(Beginning of EXERCISE DATA)

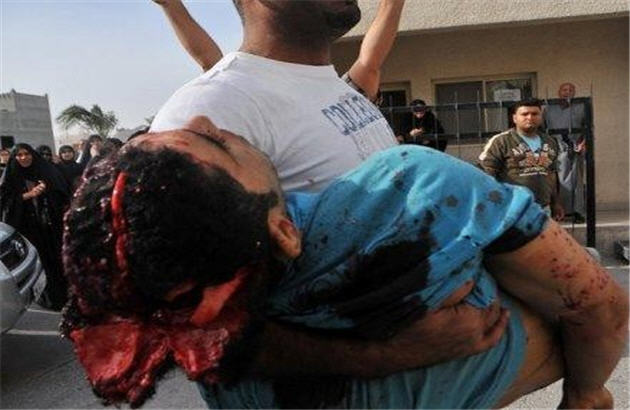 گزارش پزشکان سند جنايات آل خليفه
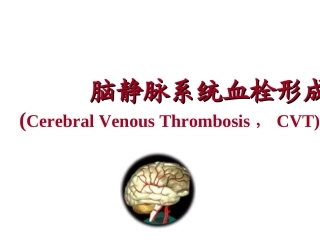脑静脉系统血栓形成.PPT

(End of EXERCISE DATA)
(Beginning of EXERCISE DATA)

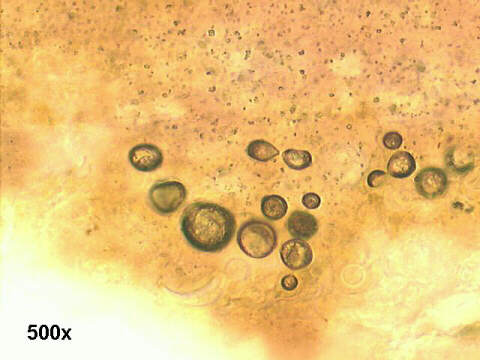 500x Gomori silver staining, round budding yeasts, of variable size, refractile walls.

(End of EXERCISE DATA)
(Beginning of EXERCISE DATA)

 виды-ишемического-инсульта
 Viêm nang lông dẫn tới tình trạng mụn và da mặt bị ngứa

(End of EXERCISE DATA)

WHAT THE EXERCISE ASKS:
Every line above from the line with "виды-ишемического-инсульта" to the line with "Viêm nang lông", both included, must be reproduced exactly, and no other line may appear.

THE ANSWER:
 виды-ишемического-инсульта
 Viêm nang lông dẫn tới tình trạng mụn và da mặt bị ngứa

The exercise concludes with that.